Keep track of failing boards and don't use them to allocate

SpiNNakerManchester / spalloc_server

A SpiNNaker machine allocation and partitioning application.

0 stars 2 forks source link

Keep track of failing boards and don't use them to allocate #26

Open rowleya opened 6 years ago

rowleya commented 6 years ago

Currently, if a board is failing, it will keep being assigned to other users, where it may continue to be a source of failure. The server should keep a "blacklist" of boards which should be avoided. How the blacklist is updated is open to debate e.g. it could count failures and then blacklist after a threshold, or it could periodically probe the boards (or possibly a combination of these).

alan-stokes commented 6 years ago

how would you detect a failure in this case?

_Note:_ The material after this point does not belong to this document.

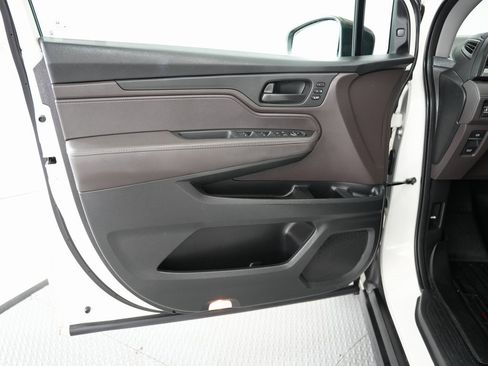 Used 2018 Honda Odyssey EX-L image 45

rowleya commented 6 years ago

OK, so when you power on a board, a number of things can happen:

The board doesn't respond - this indicates a BMP failure.
The board doesn't get the correct FPGA ids - this could mean that the flash of the board is broken.

We can detect these things quite easily during a power on command. A periodic test would have to turn on boards periodically therefore.

alan-stokes commented 6 years ago

ok, so we're not thinking sdrams, new dead cores etc?

rowleya commented 6 years ago

No - to be clear, this is just to stop an attempt to allocate the same board resulting in the same server error repeatedly (as would currently happen if there is a board error). As spalloc-server only talks to the BMP that is enough. This can detect transient errors i.e. things that can be fixed by manual intervention (either someone pressing the reset button or re-flashing a board).

An extension of this is to run Luis's tests periodically as well to ensure the boards are tested, but I don't believe this is necessary.

Christian-B commented 6 years ago

It should cover anything where the spalloc server should not allocate the board again until at least a manual check.